2021年8月24日 結城康博氏、「通所介護の入浴介助加算 自立支援を給付費抑制の理由に使うな」

今回は通所介護の入浴介助加算の話。今年度から創設された新たな区分「加算2」についてです。

自宅でお風呂に入れる人はできるだけ自宅で、という自立支援のインセンティブを設けたのは非常に良いことでしょう。私が問題だと思うのは、既存の「加算1」の単価を引き下げたことです。

※ 新たな「加算2」は55単位/日。利用者が自分自身の力で、あるいは家族やヘルパーなどのサポートを受けながら、それぞれの住まいで入浴できるようにすることが目的だ。この導入に伴い、従来区分の「加算1」は10単位減とされた。

当たり前のことですが、お風呂に入るためにはタオルや石鹸の用意、お湯はりなど事前の準備が欠かせません。浴槽や排水溝などの掃除も不可欠で、日常的に相応の手間がかかるんですよね。通所介護のサービスにはこの部分も当然含まれます。

今回の見直しを考えた方々は、こうした生活感覚、現場感覚をしっかりイメージできているのでしょうか?

1人暮らしや老老介護の高齢者の場合、自力で体を洗うこと、お湯に浸かることが難しいだけではなく、必要な準備や掃除などができないケースも非常に多いです。このため、「加算2」の自立支援の対象となる人はかなり限られるでしょう。きめ細かい生活援助を十分に使えたり、家族の介護者がいたりすることが前提となるわけですが、そういう高齢者ばかりではないのが実情です。

通所介護としては、何もせずに大幅な減収となることだけは避けたいところです。なんとか「加算2」を取得しようと考える()のですが、そこでケアマネジャーとの立場の違いが生じるのはやむを得ません。

※ 厚労省は4月末になって、自宅で入浴できない高齢者も加算の対象になり得るとする通知を出している。

「加算2」の算定に慎重なケアマネが一部にいると指摘されていますが、高齢者の状態や環境を踏まえて疑問を持っているのであれば、しっかりと耳を傾けなければいけません。取り組みの目的や効果がよく見えない場合、いったん”待った”をかけるのは当然のことでしょう。

そもそも国が不当な報酬差をつけたことが間違いです。いたずらに現場を混乱させないで頂きたい。

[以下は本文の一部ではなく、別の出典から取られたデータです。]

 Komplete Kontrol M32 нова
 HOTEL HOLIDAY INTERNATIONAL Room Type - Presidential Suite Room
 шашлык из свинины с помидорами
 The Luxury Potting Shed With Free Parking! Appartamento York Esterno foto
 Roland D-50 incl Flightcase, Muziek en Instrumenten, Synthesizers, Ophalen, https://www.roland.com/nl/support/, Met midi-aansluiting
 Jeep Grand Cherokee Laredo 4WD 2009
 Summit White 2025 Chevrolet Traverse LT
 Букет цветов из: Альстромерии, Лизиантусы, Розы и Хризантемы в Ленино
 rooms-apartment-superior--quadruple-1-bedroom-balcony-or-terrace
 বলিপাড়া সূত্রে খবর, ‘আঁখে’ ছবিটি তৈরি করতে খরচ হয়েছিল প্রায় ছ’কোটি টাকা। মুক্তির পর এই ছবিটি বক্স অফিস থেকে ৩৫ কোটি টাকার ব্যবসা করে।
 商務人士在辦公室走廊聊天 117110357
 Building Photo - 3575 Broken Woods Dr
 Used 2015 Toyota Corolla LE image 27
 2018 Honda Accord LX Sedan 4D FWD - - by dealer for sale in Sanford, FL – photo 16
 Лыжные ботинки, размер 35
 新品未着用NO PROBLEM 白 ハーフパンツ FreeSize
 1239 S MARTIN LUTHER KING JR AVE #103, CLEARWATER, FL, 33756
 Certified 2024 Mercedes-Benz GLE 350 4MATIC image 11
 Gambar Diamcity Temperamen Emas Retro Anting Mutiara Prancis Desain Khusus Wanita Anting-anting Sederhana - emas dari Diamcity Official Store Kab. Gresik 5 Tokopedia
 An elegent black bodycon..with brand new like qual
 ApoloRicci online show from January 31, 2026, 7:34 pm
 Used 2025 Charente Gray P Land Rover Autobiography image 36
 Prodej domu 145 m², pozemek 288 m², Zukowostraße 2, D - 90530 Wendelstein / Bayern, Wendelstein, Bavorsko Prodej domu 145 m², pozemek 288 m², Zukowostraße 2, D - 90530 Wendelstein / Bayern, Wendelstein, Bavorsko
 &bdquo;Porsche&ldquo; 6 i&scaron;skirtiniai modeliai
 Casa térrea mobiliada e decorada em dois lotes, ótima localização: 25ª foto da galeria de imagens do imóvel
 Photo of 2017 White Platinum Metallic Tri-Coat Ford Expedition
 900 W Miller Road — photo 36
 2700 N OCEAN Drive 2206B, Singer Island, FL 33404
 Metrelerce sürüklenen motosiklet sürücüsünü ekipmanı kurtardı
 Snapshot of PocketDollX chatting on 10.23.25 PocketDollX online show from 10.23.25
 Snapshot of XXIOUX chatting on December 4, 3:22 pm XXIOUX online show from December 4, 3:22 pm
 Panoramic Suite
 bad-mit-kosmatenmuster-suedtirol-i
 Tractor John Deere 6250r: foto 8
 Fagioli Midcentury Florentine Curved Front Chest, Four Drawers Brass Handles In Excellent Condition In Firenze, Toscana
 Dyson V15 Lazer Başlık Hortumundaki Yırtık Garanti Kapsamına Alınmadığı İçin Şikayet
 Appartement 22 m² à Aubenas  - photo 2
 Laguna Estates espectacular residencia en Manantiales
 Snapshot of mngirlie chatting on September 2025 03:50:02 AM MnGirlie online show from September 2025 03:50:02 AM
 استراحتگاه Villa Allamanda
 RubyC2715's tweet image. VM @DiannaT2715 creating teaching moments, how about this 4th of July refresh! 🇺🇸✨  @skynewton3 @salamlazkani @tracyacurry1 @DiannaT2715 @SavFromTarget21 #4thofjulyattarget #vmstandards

自立支援の重要性は良く分かりますが、その文脈とは異なるサービスの価値を軽視するのは大きな誤りです。なぜ「加算1」を減算するのか全く納得できません。通所介護の入浴コストは下がっていませんし、従来のサービスの重要性も大きく変わっていないでしょう。これでは基本報酬を上げた意味も失われ、介護職員の処遇改善も十分に進みません。

今回の見直しをみると、給付費の抑制が第一の狙いではないかと疑わざるを得ません。自立支援をその理由に使わないで頂きたい。加算をつけて評価していく手法は有効ですが、現段階で「そうでなければ減算」とするのはかなり乱暴ではないでしょうか。